Radical change

Evolving consumer preferences

Consumers today have more choice than ever, and their loyalties are increasingly gravitating toward brands that offer personalized, evolvable and frictionless experiences across every touchpoint.

Not only that, but thanks to modern digital technology and social media, the voice of the customer has grown exponentially louder than it has ever been, and this has fundamentally altered the power balance between brands and consumers.

As a result, companies today must embrace the notion that a world class digital customer experience is essential for survival.
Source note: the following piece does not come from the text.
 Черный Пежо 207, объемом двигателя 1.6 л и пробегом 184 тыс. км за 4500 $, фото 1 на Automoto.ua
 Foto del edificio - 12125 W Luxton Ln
Because for consumers today, the high watermark of customer experience is not defined by those of your closest rivals — it's defined by every experience in your customer's “digital-everything” ecosystem.
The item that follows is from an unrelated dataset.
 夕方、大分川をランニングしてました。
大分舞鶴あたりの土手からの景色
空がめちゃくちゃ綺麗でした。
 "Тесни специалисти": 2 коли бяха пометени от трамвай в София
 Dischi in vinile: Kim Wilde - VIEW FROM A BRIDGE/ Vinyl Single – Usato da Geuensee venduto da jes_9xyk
What this means is that organizations must do significantly more than simply “lift and shift” their aging services to the cloud, and implement a few modest user interface enhancements. Instead, companies must continuously improve and modernize the entire customer experience from end-to-end, ensuring that every step in that experience is fast, personalized, and evolvable.

Business model innovation

For established organizations, consumer loyalty is at an all-time low and new business model innovation is a key contributor. Business model innovation is the fuel that helps well-funded and tech-savvy startups disrupt existing markets in new and exciting ways that are not only differentiated, but also significantly improve on cost and time-to-value.

Today, there are literally thousands of well-funded and creative new business models coming to market each year that offer either better value, or newer, more customized and differentiated experiences.
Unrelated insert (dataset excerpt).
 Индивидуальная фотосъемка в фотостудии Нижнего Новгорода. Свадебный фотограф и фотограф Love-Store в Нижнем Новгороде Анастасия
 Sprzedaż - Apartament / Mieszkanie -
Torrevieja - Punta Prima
So far, it seems that no industry is immune. At the heart of business model innovation is a technique known as “decoupling”, which breaks apart what Harvard professor Thales A. Teixeira refers to as “the customer value chain”.

In his 2019 book, Unlocking the Customer Value Chain [3], Teixeira describes how upstarts disrupt established players by eliminating as many non-value added activities from the customer experience as possible. To better illustrate how decoupling works, we’ve included additional examples from Teixeira’s earlier work in Figure A below.

Figure A: Examples of decoupled activities and their disruptors

Perhaps the most classic example of how decoupling can work to great effect comes from Amazon and how they were able to successfully use decoupling to disrupt the analog book purchasing experience with a fully digital experience.

They did this by removing as many non-value adding activities from the customer experience as possible. In this case, the non-value adding activities included travelling to the store, searching through long stacks of books and waiting in line to pay. Through digital, Amazon was able to replace these actions with value-adding activities like home delivery, digital search and one-click purchasing. Then, through their Kindle eBook service, Amazon once again decoupled the analog book buying experience by reducing customer time-to-value to a few clicks.

Over the past two decades, there are more and more examples that show the power of decoupling as a disruptive force. In another example, Teixeira demonstrates how Netflix successfully offered customers an unrivalled entertainment experience in terms of variety, price and time-to-value, while leaving telecom providers to fulfill the costly and complex work of delivering internet connectivity service.

And while Amazon and Netflix are no longer upstarts, for incumbent organizations, the threat of new businesses with similar potential will continue to be a significant existential threat. And, as interconnectivity between devices and lower transaction costs merge with unprecedented AI and automation capabilities, this threat will only continue.

Incumbent organizations must learn to disrupt, defend and differentiate before they are displaced themselves.